My intention for this post is simple: for those of you that use no-code tools like Bubble.io to build your site, make sure you’re not unintentionally exposing your site’s user emails to the client. That was seemingly the case for First Round Capital’s Angel directory, a site where angel investors can signup and showcase their profile to founders looking for an angel investment. But when I reached out to First Round Capital with my discovery, they informed me that what I found was in fact intentional, although, I find it odd that if they did intend on sharing their angel investors’ emails, they would do so explicitly on the user’s profile rather than make you go digging for them. In any event, here is how I was able to write a script to get all of the personal emails of investors from the First Round Angel directory.

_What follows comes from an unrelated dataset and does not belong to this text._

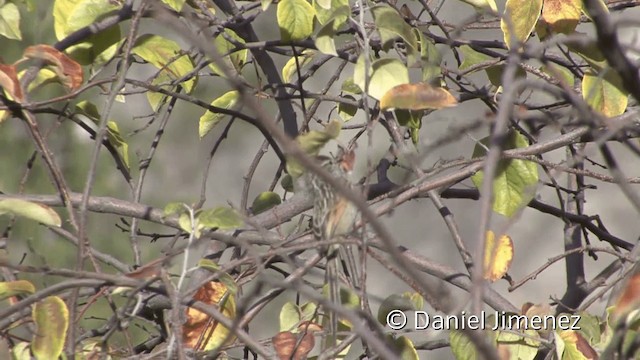 Streaked Tit-Spinetail - ML201951991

First Round Angel Directory

When I first stumbled onto the First Round Angel directory, I thought it was somewhat of a useless site considering they don’t give you the ability to connect with any of the investors. It’s basically just a list of names. So I did what most developers would do and I opened up my browser developer tools to see what I could find. To my amusement, the personal emails the investors used when signing up to the directory were being exposed in one of the network calls that Bubble.io uses to fetch the results of a search query.

image

Getting the Data with Python

Once I learned what POST request was being called to make the request, I copied the request payload for each page which were all different since the results were paginated. I stored all of the request payloads in a json file and imported them programmatically to use in my script. Before you cringe at my Python, just know that this was my first time building anything with it and I figured it was a good project to learn with.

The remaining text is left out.